The more you move your body around, the more it will thank you and beg for more, and the more your energy will spread from just your tense head and tight shoulders, down into your toes.

So get out there and move it!

Have you found a way you like to move it?

Girly Cupcakes

Just so you know, the Hubs said I shouldn’t blog about this, so Hello! You’d think he’d have learned by now….
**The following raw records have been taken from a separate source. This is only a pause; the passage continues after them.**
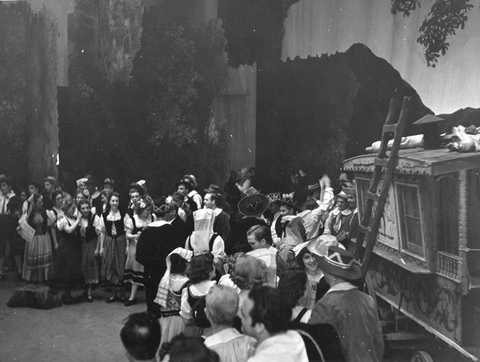 Pagliacci, Ruggero Leoncavallo. San Francisco Opera, 1939. Photographer: Lawrence B. Morton/San Francisco Opera.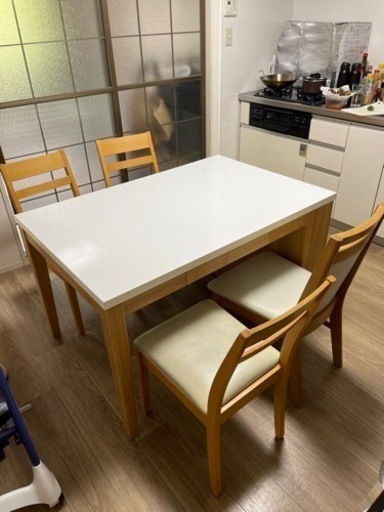ニトリ４人掛けダイニングテーブルセット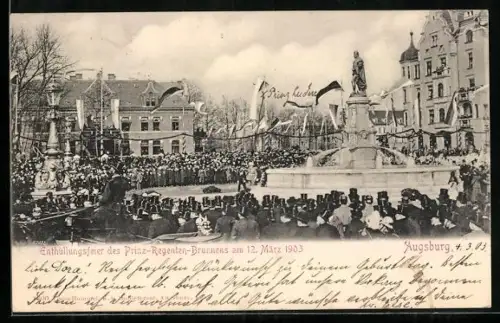 AK Augsburg, Enthüllungsfeier des Prinz-Regenten-Brunnens 1903, Besucher am Brunnen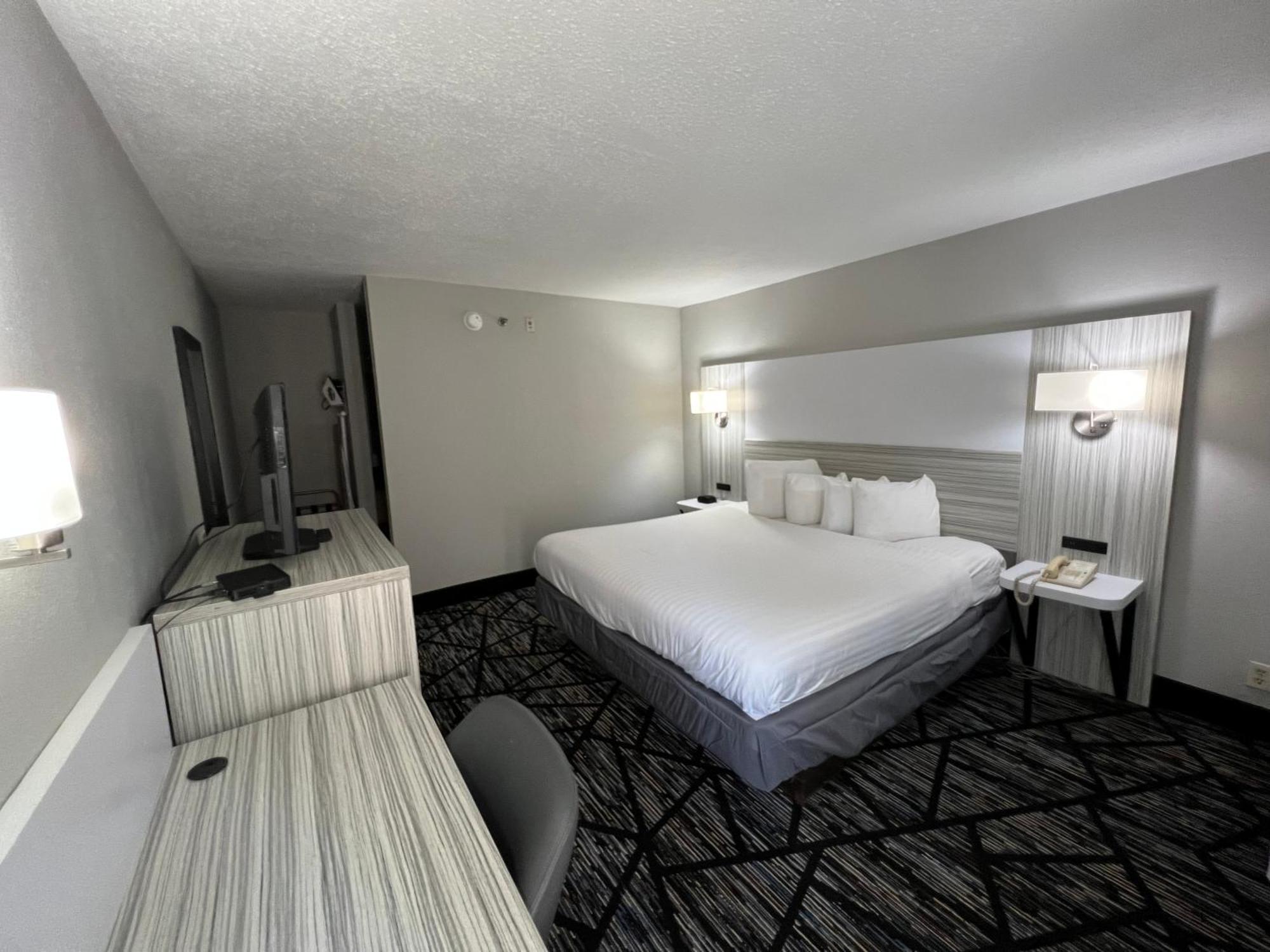 Deluxe King Room Interior Corridor Non Smoking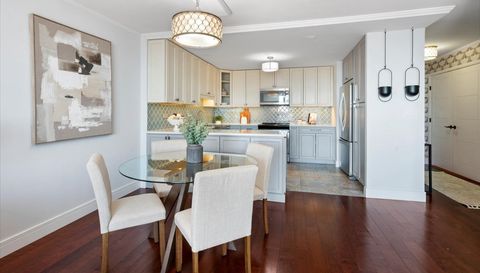 5855 N SHERIDAN Road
This post is brought to you by Facebook and its new anti-privacy rules, because it was a friend of a friend who I have never heard of who posted this photo and my friend, a guy I actually do know, “liked” it.

Which apparently means the whole world gets to see it now, in case you just got out of that coma don’t know Facebook is raping you daily, right now.

Hold onto your britches. Take a gander at the girly cupcakes:
Puts new meaning in the term variety pack, eh?

Okay, focus, readers. Are ya with me? I posted this because I want to ask if you think it was would be outrageoushorrendousdisgusting of me to show this photo to my eight-year-old daughter?

Purely, a hypothetical question, Mrs. Child Protective Services, for the purposes of discussion.

I mean, if I did, I wonder if my child would guess right away what she was looking at or needed a hint from me.

I wonder if she’d then drop her jaw first, and then with a twinkle in her eye, her own drawers to show me hers as comparison to the frosted ones.

I also wonder if young girls should possess a relaxed, secure knowledge of their amazing, delicious cupcakes body.

Purely hypothetical, ya’ll. Don’t go get your panties in a–oh, never mind.

What do you think? Would you show a daughter and not a son? Is age a factor?

Anti-Gravity Movie Popcorn

[Warning: she’s getting her bitch on]

I took the Kid to see Hugo in 3D after ripping into our lottery winnings in our mattress. The movie was great in a very dontwealllovethemovies kinda way. If you go, be on time or you’ll never have me as your movie date because the opening shot in 3D is the highlight of the film, imo.

But this post is not about the movie. It’s about the concession stand. What they think we are not seeing them do there.

First off, I am a popcorn fiend. I admit it. I am powerless to it. So, I usually always get some at the movies, however nasty it may be. I said I’m powerless, you judgey judgers! Plus, concessions is where the exhibitors make their money, and haven’t you heard, the movie business is in trouble, so I’m doing my part.

But what amazes me is how they serve up those golden morsels nowadays. They lift the scoop of popcorn highohsohigh above the bucket and let those popped fluffballs of joy float, single file, down, down, down. Leaving as much air in the bucket as possible while still remaining on Planet Earth.

Now, if you’re 15, this is The Way It’s Always Been. But if you’re 29, like me, you have not forgotten the days when they were not so lovingly tender with the corn.

They roughly scooped, slapped it down in the bucket, and scooped some more. And then, they’d pound the bucket on the counter several times like they’re about to make a free throw shot with 1 second to go to settle the corn and make room for yet another incoming scoop of popcorn.

I am not shitting you. That is how it was done. It was a beautiful thing. Ask your dad.

Now that I’ve written this, honestly, I’m lost in my movie concession stand reverie, so talk amongst yourselves. *sigh*

Do you have any great memories of going to the movies?